CREATE UNIQUE INDEX ON mv_daily_revenue(day);
REFRESH MATERIALIZED VIEW CONCURRENTLY mv_daily_revenue;

-- Table partitioning: split large tables by range
CREATE TABLE events (
  id BIGSERIAL,
  event_type VARCHAR(50),
  payload JSONB,
  created_at TIMESTAMPTZ NOT NULL
) PARTITION BY RANGE (created_at);

CREATE TABLE events_2025_q1 PARTITION OF events
  FOR VALUES FROM ('2025-01-01') TO ('2025-04-01');
CREATE TABLE events_2025_q2 PARTITION OF events
  FOR VALUES FROM ('2025-04-01') TO ('2025-07-01');

-- Queries automatically prune irrelevant partitions:
SELECT * FROM events WHERE created_at >= '2025-03-01'
  AND created_at < '2025-04-01';  -- only scans Q1 partition

4. Connection Pooling and Resource Management

Database connections are expensive resources. Each connection consumes memory on the server, and creating new connections has significant overhead. Connection pooling reuses a fixed set of connections across application requests, dramatically improving throughput and reducing latency under concurrent load.

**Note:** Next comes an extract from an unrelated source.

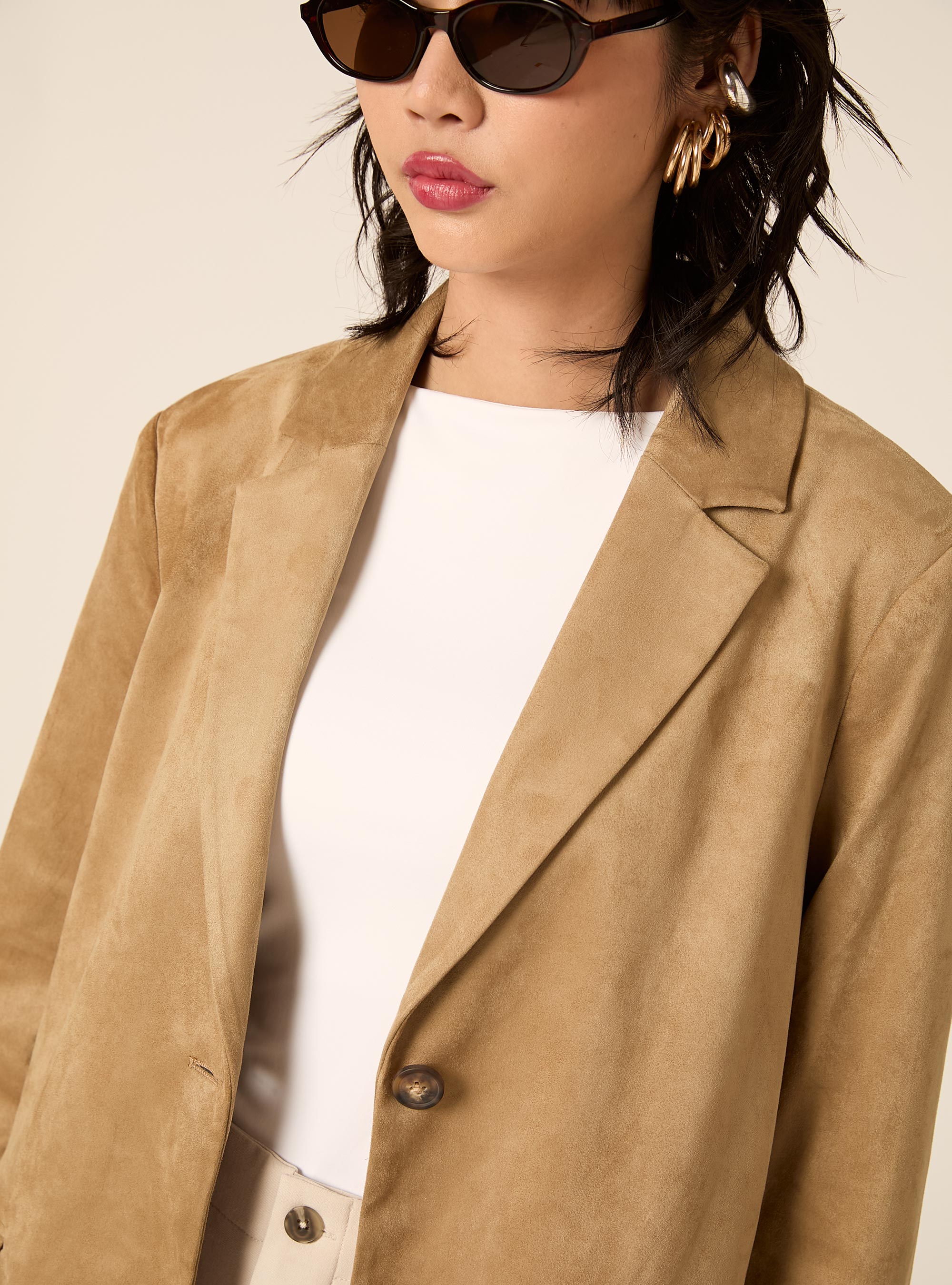 Blazer con efecto ante, BG2 BEIGE MEDIUM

pg Pool, PgBouncer, and Prepared Statements

Every PostgreSQL connection consumes approximately 10MB of memory and takes 50-100ms to establish. Without pooling, a web application serving 1000 concurrent users would need 1000 connections, consuming 10GB of memory just for connections. Connection pooling solves this by maintaining a fixed pool of reusable connections. PgBouncer in transaction mode is the gold standard for PostgreSQL — it can multiplex thousands of application connections through just 20-50 database connections. Prepared statements further reduce overhead by parsing the SQL once and reusing the execution plan.

// Node.js: pg Pool with proper configuration
import { Pool } from 'pg';

const pool = new Pool({
  host: process.env.DB_HOST,
  port: 5432,
  database: process.env.DB_NAME,
  user: process.env.DB_USER,
  password: process.env.DB_PASSWORD,
  max: 20,                       // max connections in pool
  idleTimeoutMillis: 30000,      // close idle connections after 30s
  connectionTimeoutMillis: 5000, // fail if can't connect in 5s
  keepAlive: true,               // TCP keepalive
  keepAliveInitialDelayMillis: 10000,
  // statement_timeout prevents runaway queries
  statement_timeout: 30000,      // 30s max per query
});

// Monitor pool health
setInterval(() => {
  console.log({
    totalCount: pool.totalCount,     // total connections
    idleCount: pool.idleCount,       // available connections
    waitingCount: pool.waitingCount, // queued requests
  });
}, 10000);

// Use prepared statements for repeated queries
const result = await pool.query({
  name: 'get-user-orders',
  text: 'SELECT * FROM orders WHERE customer_id = $1 AND status = $2',
  values: [customerId, 'completed'],
});

// PgBouncer configuration (pgbouncer.ini)
// [databases]
// mydb = host=127.0.0.1 port=5432 dbname=mydb
//
// [pgbouncer]
// pool_mode = transaction    # most flexible
// max_client_conn = 1000     # app-facing connections
// default_pool_size = 25     # actual DB connections per pool
// reserve_pool_size = 5      # extra connections for bursts
// server_idle_timeout = 600  # close idle server connections
// query_timeout = 30         # kill queries exceeding 30s
// log_connections = 1
// log_disconnections = 1

5. Caching Strategies: Redis, Memcached, and Query Cache

Caching is the most effective way to reduce database load for read-heavy applications. Understanding cache patterns, invalidation strategies, and when to use Redis vs Memcached prevents both stale data bugs and cache stampede problems.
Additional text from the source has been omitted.